Friday, July 08, 2011

Using Math To Illustrate

Charles Krauthammer does an excellent job in this column of showing just how much trouble we're in financially, and just how unserious the president is about getting us out of that trouble:
And what have been Obama’s own debt-reduction ideas? In last week’s news conference, he railed against the tax break for corporate jet owners — six times.

I did the math. If you collect that tax for the next 5,000 years — that is not a typo — it would equal the new debt Obama racked up last year alone. To put it another way, if we had levied this tax at the time of John the Baptist and collected it every year since — first in shekels, then in dollars — we would have 500 years to go before we could offset half of the debt added by Obama last year alone.

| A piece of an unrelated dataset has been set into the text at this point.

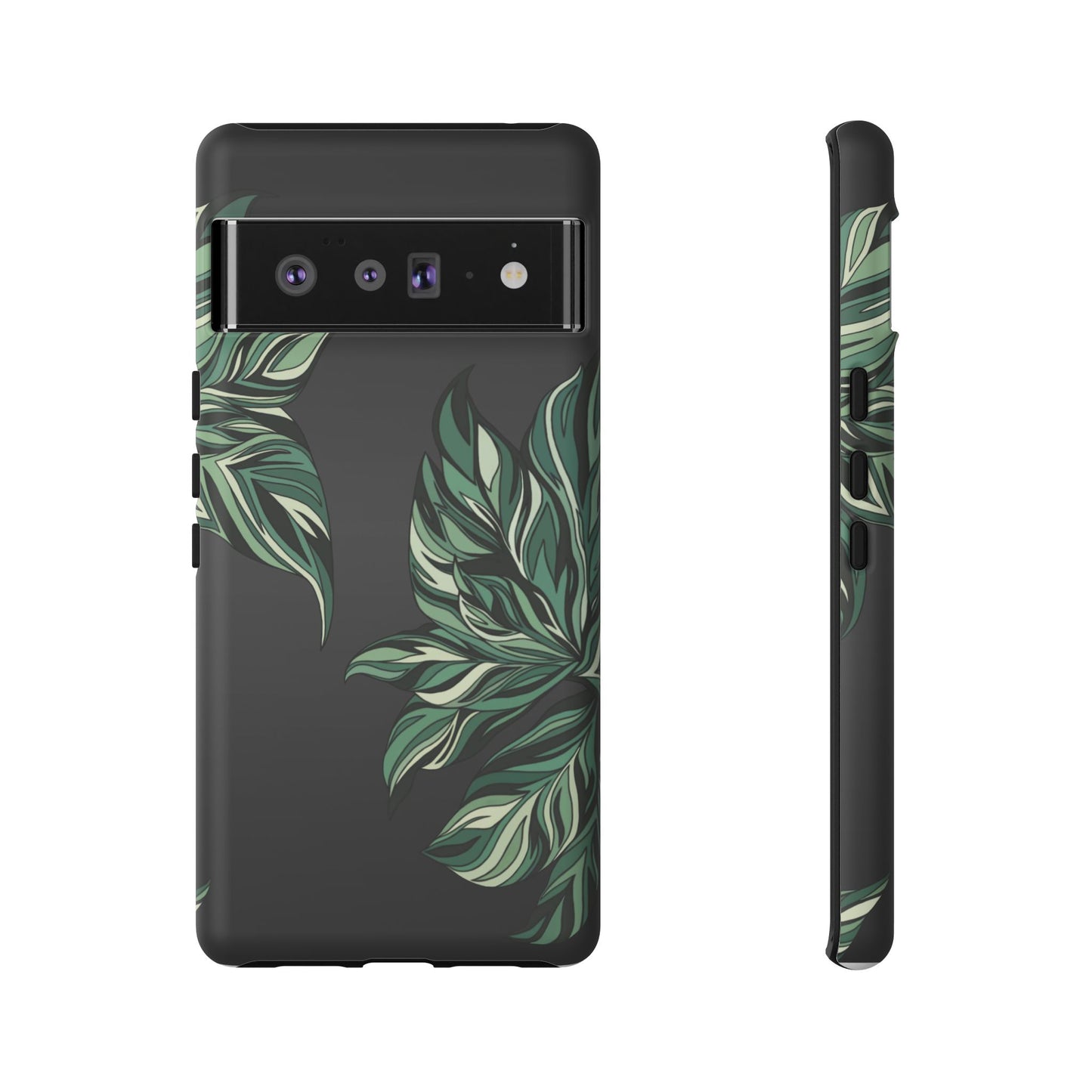 Emerald Stillness by Carla Ann Morris - Google Pixel Tough Cases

Obama’s other favorite debt-reduction refrain is canceling an oil-company tax break. Well, if you collect that oil tax and the corporate jet tax for the next 50 years — you will not yet have offset Obama’s deficit spending for February 2011.
Sometimes, knowing a little math can be pretty important.

5 comments:

DADvocate said...

Plus, Krauthammer doesn't factor in the taxes lost and unemployment/welfare paid when jobs in the jet industry are lost due to lower sales due to Obama's taxes.

Bartender Cabbie said...

The yacht industry was almost destroyed a few years back. Be the same type of thing.

mmazenko said...

I usually enjoy Charles, but he uses one example that Obama offered of the type of tax break and subsidy that can be closed as a deficit reduction, and he implies that it's Obama's entire argument or plan. That's pretty weak. Charles knows that, and he's just pandering to the crowd - one that doesn't want to think beyond the literal.

Weak, Charles, weak.

Darren said...

No, he illustrates one point that the president seemed to harp on. Six times.

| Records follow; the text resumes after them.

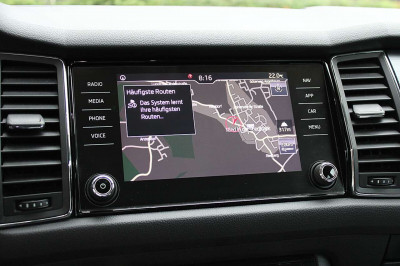 Skoda Kodiaq Gebrauchtwagen Skoda Kodiaq Gebrauchtwagen
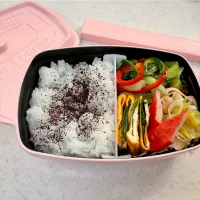 Snapdishの料理写真:中華弁当|あめふくらさん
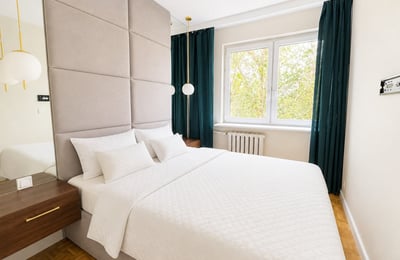 Аренда современной, просторной квартиры, 63 м², Прага-Полудне, Варшава, Польша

For a "crowd" that likes to scream that Republicans want to throw starving seniors in the streets and require women who want abortions to have to resort to bloody hangers in a back alley, I'll cut Krauthammer a little slack if using math and a funny example is the right's way of "pandering".

Sally said...

What I liked about his article was that he created a strong visual for us about the impracticality of this idea instead of just throwing the big numbers at us...LOVED the John the Baptist reference...it REALLY drove it home that the numbers we are dealing with too ridiculous to make an impact.

Of course that's not his only idea, but darned if most of his ideas aren't just as pathetic in my mind.